Pytaj w centrach ogrodniczych, albo sama wyprodukuj własny kompost, będzie najłatwiej. Nie mam wiedzy gdzie w Twoim rejonie jest producent, może są w takim razie kompostownie?
To moje obserwacje wieloletnie, uzyskane z doświadczenia w komponowaniu rabat niegeometrycznych i niesymetrycznychRobię to już tyle lat.
Sadząc duże grupy jednogatunkowych roślin, tworząc z nich plamy - zawsze lepiej i bardziej naturalnie wyglądają ilości 3, 5, 7, 9, 15 itd niż parzyste. Jak zrobić grupę z 2 szt? Nie da się, ale z 3, 5 już się da. O to chodzi. 4 czy 6 trudno naturalnie ustawić, 5 czy 7 łatwiej. Ale żeby to zauważyć potrzeba zdolności, intuicji, może jakiegoś artyzmu? Ja to w każdym razie czuję, gdy ustawiam rośliny na rabacie przed posadzeniem
Jednak nie jest to taka reguła twarda, czasem w wielkiej grupie nie ma to już takiego znaczenia, np 25 szt czy 26 szt- bez znaczenia. Nie wiem, czy na to zwracam potem uwagę. Kupuję 50 szt a nie 51
W nowoczesnym ogrodzie gdzie robisz rabaty prostokątne lub kwadratowe, parzystość jest wymagana, bo zabraknie na obsadzenie rogu prostokąta
Chciałam poradzić się w sprawie chorującej jabłoni, jest to stara jabłoń Złota Reneta. W zeszłym roku paliłam ognisko i dym skierował się na cześć jabłoni (mój błąd . Zamieszkały w niej chyba korniki (ptaki wydziobują korę), kora zaczęła odpadać i pękać, drzewo pokrywa się mchem.

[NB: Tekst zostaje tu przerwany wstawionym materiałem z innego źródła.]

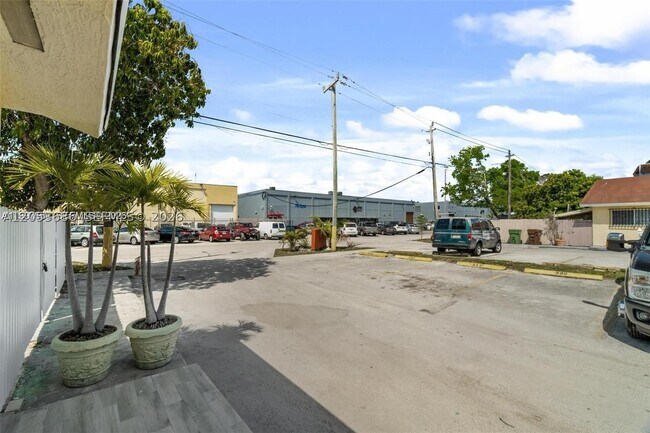 Building Photo - 330 W 74th Pl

Danusia graby z poziomu tarasu juz beda sąsiednie domy zaslaniac, bo mają już ok 2,5 M. Troszkę je zatem jeszcze puszcze w gore i rozepnę aby były szersze , tylko lekko aby spełniły rokę ekranu przesłaniającego domy. Zawsze tez moge je luzem puścić gdy mi sie nie bedzie chciało ciąć
Ale ja całkiem graby nie kazałam rozpinać, kazałam je wypuszczać jak najwyżej żeby robiły wielkie piętra zasłaniające od domów za ulicą. niekoniecznie na tyczkach, ja bym je nawet zostawiła naturalne, ale korygowane
Jak patrzysz z tarasu to domów ma być nie widać. Widać teraz? czy nie widać?

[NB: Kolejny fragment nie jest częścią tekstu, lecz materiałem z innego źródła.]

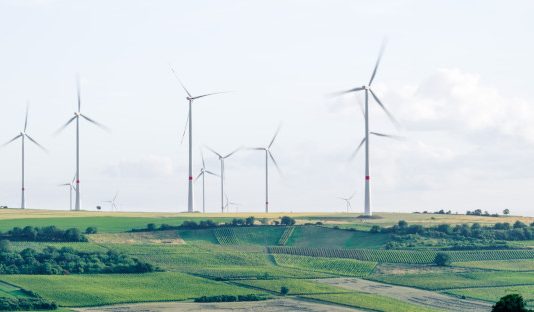 La justicia estadounidense confirma la validez de tres laudos contra España por las renovables, pero reconoce el derecho a pleitear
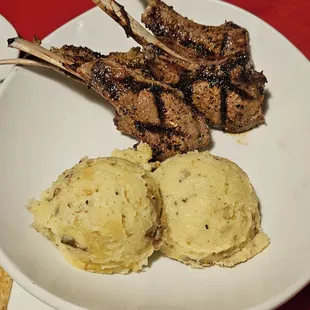 Lampchops with garlic mashed potatoes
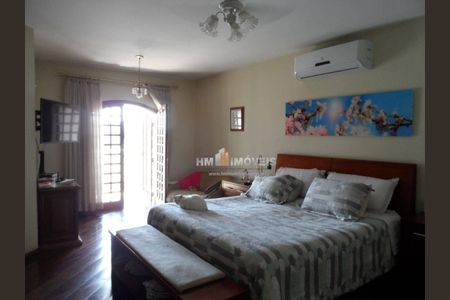 9_photo/94cef5b02d.e5b0f526cad1f31c-ATLAS-02cb111c-c05c-41f7-887a-9f28fbe8b70b.jpg de casa à venda com 3 quartos, 526m² em Vila Galvão, Guarulhos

Na razie to jestem w lesie Znaczy graficzka na zwolnieniu Ale ja robię swoje
Kuchnia stoi też w lesie, nie mam kiedy wybrać uchwytów...hmmm, jakie, porcelanowo-srebrne jak uchwyt kranu? Srebrne?? muszę popatrzeć, a póki co to nie mam gdzie i jak.
Danusiu własnie czytam M'owi Twoją rekomendacje i powiedział "O"!!! Masz wielbiciela do grobowej deski!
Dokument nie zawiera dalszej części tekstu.